**Task:** Using the material below, print the line that contains "Los agricultores y", the line that contains "used 2025 Chevrolet", and every line in between, exactly and nothing else.

**Entries shown:**

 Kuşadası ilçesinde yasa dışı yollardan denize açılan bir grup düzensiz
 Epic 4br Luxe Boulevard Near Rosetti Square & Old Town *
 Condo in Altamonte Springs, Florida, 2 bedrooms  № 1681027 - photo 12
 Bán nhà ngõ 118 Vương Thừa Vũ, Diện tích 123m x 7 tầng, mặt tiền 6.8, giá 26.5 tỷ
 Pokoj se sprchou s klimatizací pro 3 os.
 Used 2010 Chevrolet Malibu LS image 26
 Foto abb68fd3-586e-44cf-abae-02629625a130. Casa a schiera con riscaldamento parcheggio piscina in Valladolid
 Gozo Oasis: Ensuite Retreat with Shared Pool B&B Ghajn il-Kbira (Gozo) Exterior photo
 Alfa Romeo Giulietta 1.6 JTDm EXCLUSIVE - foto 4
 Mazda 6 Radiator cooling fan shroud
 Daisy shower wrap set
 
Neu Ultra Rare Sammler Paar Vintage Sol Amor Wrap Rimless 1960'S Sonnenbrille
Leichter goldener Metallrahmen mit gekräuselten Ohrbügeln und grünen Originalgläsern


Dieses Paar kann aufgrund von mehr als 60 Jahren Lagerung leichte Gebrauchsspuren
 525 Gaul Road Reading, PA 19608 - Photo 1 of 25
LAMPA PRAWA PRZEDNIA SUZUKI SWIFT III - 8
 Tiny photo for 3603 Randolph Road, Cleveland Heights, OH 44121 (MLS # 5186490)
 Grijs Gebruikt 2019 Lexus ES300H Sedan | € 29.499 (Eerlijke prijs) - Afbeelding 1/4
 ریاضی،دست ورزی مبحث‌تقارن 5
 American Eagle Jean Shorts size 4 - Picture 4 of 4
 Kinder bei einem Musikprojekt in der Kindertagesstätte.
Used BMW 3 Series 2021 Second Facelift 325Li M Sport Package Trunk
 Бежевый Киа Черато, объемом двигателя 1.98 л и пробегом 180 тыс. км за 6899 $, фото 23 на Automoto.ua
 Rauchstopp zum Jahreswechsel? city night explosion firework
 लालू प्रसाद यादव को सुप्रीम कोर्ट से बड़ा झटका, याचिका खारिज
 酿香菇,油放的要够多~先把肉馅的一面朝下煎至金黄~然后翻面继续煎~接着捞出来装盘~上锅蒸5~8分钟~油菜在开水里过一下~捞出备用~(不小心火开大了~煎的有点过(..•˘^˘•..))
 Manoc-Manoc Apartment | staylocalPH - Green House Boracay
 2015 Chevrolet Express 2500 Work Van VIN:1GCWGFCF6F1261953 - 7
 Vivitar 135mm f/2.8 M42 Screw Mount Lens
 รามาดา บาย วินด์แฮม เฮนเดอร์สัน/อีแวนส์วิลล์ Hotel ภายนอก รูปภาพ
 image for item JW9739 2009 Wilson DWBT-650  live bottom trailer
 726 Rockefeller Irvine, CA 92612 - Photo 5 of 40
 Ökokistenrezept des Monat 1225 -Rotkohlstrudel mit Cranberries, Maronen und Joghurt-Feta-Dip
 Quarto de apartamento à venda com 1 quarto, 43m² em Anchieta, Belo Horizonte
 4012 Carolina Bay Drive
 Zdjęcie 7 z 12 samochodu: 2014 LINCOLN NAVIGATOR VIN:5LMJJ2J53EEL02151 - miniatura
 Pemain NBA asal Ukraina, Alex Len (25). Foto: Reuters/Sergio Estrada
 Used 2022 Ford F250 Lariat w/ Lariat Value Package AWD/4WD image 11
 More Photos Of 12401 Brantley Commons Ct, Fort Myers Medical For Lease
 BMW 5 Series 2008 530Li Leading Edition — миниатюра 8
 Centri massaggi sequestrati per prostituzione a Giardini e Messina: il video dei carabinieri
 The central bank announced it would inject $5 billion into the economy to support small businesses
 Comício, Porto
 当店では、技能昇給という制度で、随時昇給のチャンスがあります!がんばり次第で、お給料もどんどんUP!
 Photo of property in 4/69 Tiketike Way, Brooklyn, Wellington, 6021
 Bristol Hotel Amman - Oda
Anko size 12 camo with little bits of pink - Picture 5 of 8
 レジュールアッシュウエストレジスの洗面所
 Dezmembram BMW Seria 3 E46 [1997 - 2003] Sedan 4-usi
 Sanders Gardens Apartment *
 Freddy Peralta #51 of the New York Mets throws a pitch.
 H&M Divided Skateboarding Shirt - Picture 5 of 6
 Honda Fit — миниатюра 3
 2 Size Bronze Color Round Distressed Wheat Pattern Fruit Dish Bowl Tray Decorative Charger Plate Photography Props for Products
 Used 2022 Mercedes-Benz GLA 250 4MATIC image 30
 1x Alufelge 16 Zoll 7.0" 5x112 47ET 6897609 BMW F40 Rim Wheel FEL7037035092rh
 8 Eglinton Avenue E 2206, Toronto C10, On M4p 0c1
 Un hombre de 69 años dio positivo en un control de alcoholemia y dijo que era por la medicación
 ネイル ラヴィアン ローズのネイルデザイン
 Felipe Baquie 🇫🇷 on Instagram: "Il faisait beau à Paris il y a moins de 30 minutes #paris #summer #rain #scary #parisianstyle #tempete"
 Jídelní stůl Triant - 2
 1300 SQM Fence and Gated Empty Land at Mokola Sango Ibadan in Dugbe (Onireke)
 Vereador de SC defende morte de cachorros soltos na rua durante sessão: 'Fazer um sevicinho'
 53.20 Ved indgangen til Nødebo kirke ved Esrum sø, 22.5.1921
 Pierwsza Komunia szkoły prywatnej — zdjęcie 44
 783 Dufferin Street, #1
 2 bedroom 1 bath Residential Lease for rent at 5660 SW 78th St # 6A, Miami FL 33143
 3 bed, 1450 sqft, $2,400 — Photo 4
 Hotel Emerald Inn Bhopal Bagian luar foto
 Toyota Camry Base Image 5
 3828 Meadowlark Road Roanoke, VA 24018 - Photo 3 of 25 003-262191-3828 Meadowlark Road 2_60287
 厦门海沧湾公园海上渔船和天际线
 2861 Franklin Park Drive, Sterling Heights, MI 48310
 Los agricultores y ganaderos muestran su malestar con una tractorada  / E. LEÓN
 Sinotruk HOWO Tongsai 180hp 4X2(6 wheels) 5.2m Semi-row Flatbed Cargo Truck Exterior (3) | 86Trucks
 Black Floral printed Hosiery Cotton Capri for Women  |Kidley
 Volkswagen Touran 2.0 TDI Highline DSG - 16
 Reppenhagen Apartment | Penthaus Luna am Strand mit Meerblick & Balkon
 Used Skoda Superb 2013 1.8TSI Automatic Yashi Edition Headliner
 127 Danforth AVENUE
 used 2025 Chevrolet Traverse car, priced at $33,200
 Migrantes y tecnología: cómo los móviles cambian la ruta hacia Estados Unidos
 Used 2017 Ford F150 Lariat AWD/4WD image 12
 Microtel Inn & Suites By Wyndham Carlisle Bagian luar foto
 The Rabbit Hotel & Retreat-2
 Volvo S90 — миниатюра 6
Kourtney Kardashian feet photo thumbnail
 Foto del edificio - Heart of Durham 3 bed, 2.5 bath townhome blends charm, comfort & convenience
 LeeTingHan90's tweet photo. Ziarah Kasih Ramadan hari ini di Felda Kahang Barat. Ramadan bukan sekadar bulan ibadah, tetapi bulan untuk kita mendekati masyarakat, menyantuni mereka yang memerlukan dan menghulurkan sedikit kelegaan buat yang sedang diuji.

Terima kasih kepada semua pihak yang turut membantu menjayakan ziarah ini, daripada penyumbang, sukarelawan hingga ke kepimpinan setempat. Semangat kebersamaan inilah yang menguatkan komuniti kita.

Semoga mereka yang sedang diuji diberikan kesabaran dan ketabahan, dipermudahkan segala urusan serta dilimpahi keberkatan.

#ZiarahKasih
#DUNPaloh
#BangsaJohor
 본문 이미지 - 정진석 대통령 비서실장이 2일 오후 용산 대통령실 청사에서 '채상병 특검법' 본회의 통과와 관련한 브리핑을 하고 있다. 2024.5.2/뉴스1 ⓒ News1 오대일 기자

**Answer space:**
 Los agricultores y ganaderos muestran su malestar con una tractorada  / E. LEÓN
 Sinotruk HOWO Tongsai 180hp 4X2(6 wheels) 5.2m Semi-row Flatbed Cargo Truck Exterior (3) | 86Trucks
 Black Floral printed Hosiery Cotton Capri for Women  |Kidley
 Volkswagen Touran 2.0 TDI Highline DSG - 16
 Reppenhagen Apartment | Penthaus Luna am Strand mit Meerblick & Balkon
 Used Skoda Superb 2013 1.8TSI Automatic Yashi Edition Headliner
 127 Danforth AVENUE
 used 2025 Chevrolet Traverse car, priced at $33,200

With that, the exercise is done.